このエンブレム問題がかすむほど、建設総工費が当初の895億から2520億円にまで膨らんだ新国立競技場建設の反響は大きかった。
騒動はさらに続く。昨年末には大会全体の運営費が当初見込みの7340億円から約6倍となる1兆8000億円に増大するとの報道が流れ、大会組織委員会の武藤敏郎事務総長が否定する場面もみられた。
大阪大学大学院・経済学科研究科の佐々木勝教授は「オリンピックのGDPへの効果は限定的。だからこそ開催にはコストを下げるべきでしょう」と語る。
今年の1月に愛知学院大学の三好向洋講師とともに経済学の学術誌「Asia Economic Policy Review」で発表した論文をふまえての発言だ。
佐々木勝教授たちは26年ぶりに日本で開かれた1998年の冬季・長野オリンピックに注目し、このオリンピックが開催されなかった場合の仮想長野県のGDPをはじき出し、オリンピックの“経済効果”を調べた。
オリンピック・パラリンピックの醍醐味は世界中から集まった選手の観戦だが、一方で常に話題になるのはその経済効果。
世界最大規模のお祭りには競技場の建設やインフラの整備、大会の運営などに莫大なお金が消費される。
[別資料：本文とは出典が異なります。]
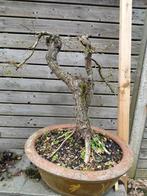 Oude meidoorn witte bloemen, Ophalen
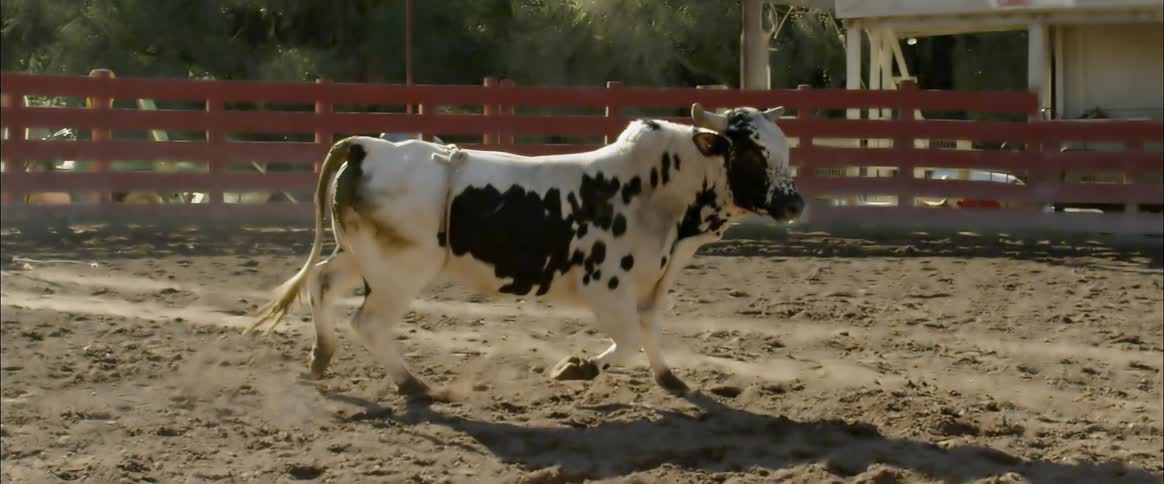 A bull paces inside a rodeo pen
だからこそ地域の期待も膨らみ、オリンピックの経済活性化効果に注目が集まる。
東京都オリンピック招致委員会が開催決定前の2012年に、オリンピックの経済波及効果は約3兆円と試算している。
ただし、運営費や消費支出などに的をしぼっているため大会施設の建設などのインフラ整備は含まれていない。
昨年末には日本銀行の調査統計局グループが2014年~20年までの7年間で国内総生産(GDP)を累計25兆~30兆円押し上げる効果があると発表した。ちなみにGDPは新たに生み出した付加価値、つまり粗利の指標だ。
佐々木勝教授たちが調べた1998年の冬季・長野オリンピックはスピードスケートの清水宏保やノルディック・スキージャンプの船木和喜と団体メンバーなどの活躍で5つの金メダルを獲得して非常に盛り上がった大会だ。
このオリンピックがなかった仮想長野県のGDPを算出し、実際の長野県のGDPと比較。オリンピックがどれだけのGDPに影響したのか長期的に調べ、その効果を推定している。
長野オリンピックなしの仮想長野県をシミュレートして経済変化を追うははじめての試み。佐々木教授はこう指摘する。
「オリンピックなどのビックイベントの経済効果を調べるときの一般的な方法は、イベントの前後で変化する経済データから効果を計算します。